BofA Sees Moody’s Shift as Slippery Slope for Real Estate BondsMatt Scully
At a time of increasingly risky lending in the commercial-mortgage market, Moody’s Investors Service appears to be backtracking on its role as guardian of bond investors, according to Bank of America Corp.
The credit-rating giant surprised the market last week with plans to change the way it calculates default risk in a type of commercial mortgage-backed security. The changes by Moody’s will make it easier for “marginal” firms to borrow potentially excessive amounts based on the values of their buildings, according to Bank of America analyst Alan Todd.

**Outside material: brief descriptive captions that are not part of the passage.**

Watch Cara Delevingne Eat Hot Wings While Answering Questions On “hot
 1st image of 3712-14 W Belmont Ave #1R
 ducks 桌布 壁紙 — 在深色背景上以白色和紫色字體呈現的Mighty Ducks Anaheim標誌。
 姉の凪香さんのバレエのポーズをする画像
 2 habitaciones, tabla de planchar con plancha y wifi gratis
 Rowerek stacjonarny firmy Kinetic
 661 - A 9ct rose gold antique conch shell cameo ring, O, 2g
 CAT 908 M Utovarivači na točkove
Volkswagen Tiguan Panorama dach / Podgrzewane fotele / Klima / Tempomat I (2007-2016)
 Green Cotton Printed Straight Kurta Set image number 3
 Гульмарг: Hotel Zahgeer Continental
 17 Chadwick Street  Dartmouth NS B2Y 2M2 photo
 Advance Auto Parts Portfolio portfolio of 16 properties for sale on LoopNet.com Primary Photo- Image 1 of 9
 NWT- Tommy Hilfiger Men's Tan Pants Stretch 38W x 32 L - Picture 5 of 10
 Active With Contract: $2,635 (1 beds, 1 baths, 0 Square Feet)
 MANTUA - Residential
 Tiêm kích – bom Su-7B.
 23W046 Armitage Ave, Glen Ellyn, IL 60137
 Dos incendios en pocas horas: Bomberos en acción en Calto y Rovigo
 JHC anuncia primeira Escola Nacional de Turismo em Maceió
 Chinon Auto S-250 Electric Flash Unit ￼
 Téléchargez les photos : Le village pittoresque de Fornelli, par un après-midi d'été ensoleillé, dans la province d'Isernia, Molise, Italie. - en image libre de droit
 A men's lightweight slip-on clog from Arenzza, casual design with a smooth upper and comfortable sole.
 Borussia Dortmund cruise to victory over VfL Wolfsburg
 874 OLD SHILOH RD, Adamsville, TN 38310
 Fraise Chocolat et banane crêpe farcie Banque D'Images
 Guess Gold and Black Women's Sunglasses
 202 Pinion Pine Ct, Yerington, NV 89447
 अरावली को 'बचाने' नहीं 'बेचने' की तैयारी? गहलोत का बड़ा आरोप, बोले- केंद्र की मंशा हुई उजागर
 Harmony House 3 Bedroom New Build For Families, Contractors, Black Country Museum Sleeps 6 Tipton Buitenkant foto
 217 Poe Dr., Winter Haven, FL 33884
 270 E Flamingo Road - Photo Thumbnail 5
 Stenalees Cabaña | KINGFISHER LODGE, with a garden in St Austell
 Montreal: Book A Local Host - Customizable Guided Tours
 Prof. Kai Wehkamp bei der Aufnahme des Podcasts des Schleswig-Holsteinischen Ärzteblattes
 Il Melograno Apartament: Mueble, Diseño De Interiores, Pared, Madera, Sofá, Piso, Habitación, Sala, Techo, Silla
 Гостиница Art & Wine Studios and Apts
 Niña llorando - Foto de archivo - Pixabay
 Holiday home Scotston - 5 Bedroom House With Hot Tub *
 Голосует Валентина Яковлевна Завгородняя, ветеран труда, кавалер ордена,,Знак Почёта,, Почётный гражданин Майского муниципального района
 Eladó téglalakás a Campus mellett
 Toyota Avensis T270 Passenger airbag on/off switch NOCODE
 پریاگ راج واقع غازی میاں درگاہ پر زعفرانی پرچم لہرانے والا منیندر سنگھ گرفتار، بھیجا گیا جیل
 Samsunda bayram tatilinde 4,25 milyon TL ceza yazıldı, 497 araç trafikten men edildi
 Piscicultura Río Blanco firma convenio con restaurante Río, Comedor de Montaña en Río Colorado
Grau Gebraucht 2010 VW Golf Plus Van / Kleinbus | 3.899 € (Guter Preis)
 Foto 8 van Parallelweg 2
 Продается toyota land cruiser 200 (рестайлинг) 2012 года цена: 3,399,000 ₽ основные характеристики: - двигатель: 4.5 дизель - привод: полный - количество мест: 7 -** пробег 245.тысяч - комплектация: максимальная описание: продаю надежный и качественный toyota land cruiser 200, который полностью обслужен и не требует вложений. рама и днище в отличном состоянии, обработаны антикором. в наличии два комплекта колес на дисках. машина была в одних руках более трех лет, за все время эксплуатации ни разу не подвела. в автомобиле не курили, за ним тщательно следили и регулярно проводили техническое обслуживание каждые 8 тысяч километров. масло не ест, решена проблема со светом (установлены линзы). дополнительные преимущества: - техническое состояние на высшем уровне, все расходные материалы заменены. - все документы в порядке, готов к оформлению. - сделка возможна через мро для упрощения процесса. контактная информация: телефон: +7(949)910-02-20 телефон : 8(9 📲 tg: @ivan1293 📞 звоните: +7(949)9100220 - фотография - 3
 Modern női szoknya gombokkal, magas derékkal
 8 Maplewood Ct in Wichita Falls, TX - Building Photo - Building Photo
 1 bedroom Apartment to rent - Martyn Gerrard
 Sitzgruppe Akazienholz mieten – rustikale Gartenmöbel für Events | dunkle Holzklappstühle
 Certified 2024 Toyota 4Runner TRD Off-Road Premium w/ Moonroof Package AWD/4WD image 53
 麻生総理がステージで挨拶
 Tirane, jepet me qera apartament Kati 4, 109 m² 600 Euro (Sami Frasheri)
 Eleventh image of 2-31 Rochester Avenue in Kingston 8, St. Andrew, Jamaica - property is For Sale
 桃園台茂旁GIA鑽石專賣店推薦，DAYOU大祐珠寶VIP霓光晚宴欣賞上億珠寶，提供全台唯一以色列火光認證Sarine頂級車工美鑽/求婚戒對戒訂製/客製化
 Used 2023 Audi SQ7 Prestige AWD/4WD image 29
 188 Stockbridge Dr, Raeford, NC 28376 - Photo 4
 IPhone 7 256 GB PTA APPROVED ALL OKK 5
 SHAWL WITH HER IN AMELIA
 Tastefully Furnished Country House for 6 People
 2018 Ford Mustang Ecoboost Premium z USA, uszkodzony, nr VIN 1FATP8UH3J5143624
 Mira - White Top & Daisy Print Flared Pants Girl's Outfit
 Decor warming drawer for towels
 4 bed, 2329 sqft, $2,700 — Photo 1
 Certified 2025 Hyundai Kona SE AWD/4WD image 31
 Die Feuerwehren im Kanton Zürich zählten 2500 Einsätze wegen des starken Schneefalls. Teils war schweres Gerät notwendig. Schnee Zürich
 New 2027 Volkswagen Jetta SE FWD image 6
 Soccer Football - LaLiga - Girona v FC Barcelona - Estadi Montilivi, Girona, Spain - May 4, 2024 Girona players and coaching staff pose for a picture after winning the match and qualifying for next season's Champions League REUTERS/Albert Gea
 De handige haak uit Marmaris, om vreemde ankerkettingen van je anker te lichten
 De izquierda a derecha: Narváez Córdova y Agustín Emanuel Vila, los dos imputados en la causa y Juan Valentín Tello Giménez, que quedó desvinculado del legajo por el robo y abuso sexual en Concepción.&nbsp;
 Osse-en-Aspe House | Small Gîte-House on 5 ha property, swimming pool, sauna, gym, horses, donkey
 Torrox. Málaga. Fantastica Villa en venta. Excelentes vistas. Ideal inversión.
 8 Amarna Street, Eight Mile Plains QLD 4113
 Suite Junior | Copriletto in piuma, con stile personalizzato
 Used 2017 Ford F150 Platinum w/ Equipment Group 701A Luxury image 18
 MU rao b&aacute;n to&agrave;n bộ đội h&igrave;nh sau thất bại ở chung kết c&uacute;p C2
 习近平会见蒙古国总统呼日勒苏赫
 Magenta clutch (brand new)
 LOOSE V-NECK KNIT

“It seems to be contrary to their comments they’ve made previously,” Todd said in a telephone interview. “It just sets the stage for another leg up in underwriting aggressiveness.”
Moody’s had been all-but shut out by underwriters on grading these kinds of bonds. So the move will likely help it win business.
In the first half of 2015, the firm ranked behind four other credit graders on U.S. transactions that transform giant single mortgages -- such as on a portfolio of hotels -- into a series of bonds, according to data compiled by Commercial Mortgage Alert. Since 2013, Moody’s has fallen from rating 45 percent of these bond deals to 6 percent, JPMorgan Chase & Co. data show.
The change in calculus by Moody’s, its first major shift since 2000, makes it easier and cheaper for bond issuers to receive top credit ratings. The firm faced criticism this year that it was being too conservative in its approach.
The looser standards also may lead to liberalizations on other types of securities, Todd said, referencing so-called conduit deals in which multiple loans get bundled together. Higher ratings are a key part of what enables lenders to extend mortgages to property investors seeking to buy, sell and refinance real estate investments.
“Our goal is to get the ratings right,” said Thomas Lemmon, a spokesman for Moody’s, adding that Todd was “totally wrong” that the new criteria will result in easier grades on conduit securities.
Still, the relaxed standards may increase the number of deals rated by Moody’s, Morgan Stanley analyst Richard Hill wrote Thursday in a note to clients.
During the housing bubble, the widespread practice of so-called ratings shopping fueled a “race to the bottom” among credit graders as they sought to win business, helping to fuel the later financial crisis, according to a 2011 report by a congressionally appointed panel.
“We don’t know until we know if this is going to be a problem,” said Larry White, an economics professor at New York University’s Stern School of Business. “But surely they don’t want to be wrong a second time.”